SALA DE LEITURA DO EM

JOÃO ROBERTO GULLINO homenageia FERNANDO PESSOA




DREAM
Fernando Pessoa
(do livro Poesias Coligadas)

Qualquer coisa de obscura permanece
no centro do meu ser. Se me conheço,
é até onde, por fim mal, tropeço
no que de mim em mim de si se esquece.

Aranha absurda que uma teia tece
feita de solidão e de começo
fruste, meu ser anônimo confesso
próprio e em mim mesmo a eterna treva desce.

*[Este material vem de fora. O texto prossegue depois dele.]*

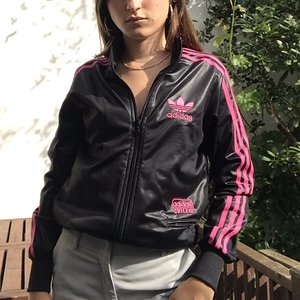 black and pink adidas chile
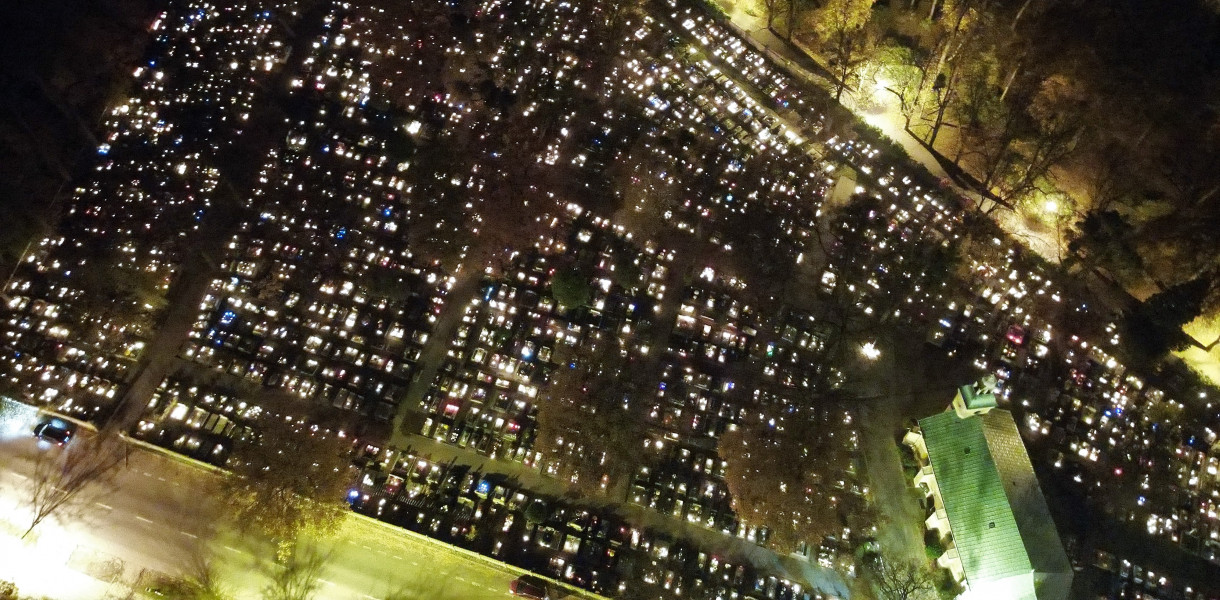 Tarnowskie Góry. Cmentarz św. Anny  w nocy przed świętem Wszystkich Świętych. Fot. Jarosław Myśliwski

Mas, vinda dos vestígios da distância
ninguém trouxe ao meu pálio por ter gente
sob ele, um rasgo de saudade ou ânsia.

Remiu-se o pecador impenitente
à sombra e cisma. Teve a eterna infância
em que comigo forma um mesmo ente.


RETRATO APAGADO
João Roberto Gullino

É o tempo que retorna na lembrança  -
no sorriso infantil do lábio puro,
de mãos dadas, trançadas pela dança
no envolvimento doce e prematuro.

É no frescor passante inda inseguro
daquela aragem que orna a juventude,
sabor de um enluarado claro-escuro
que nas noites de sonho tanto ilude.

É lágrima salgada da inquietude,
quando padece pela decepção
que na vida tropeça, estrada rude,
dum amargo sabor – separação !

                Igual retrato que, mesmo apagado,
                surge das profundezas do passado.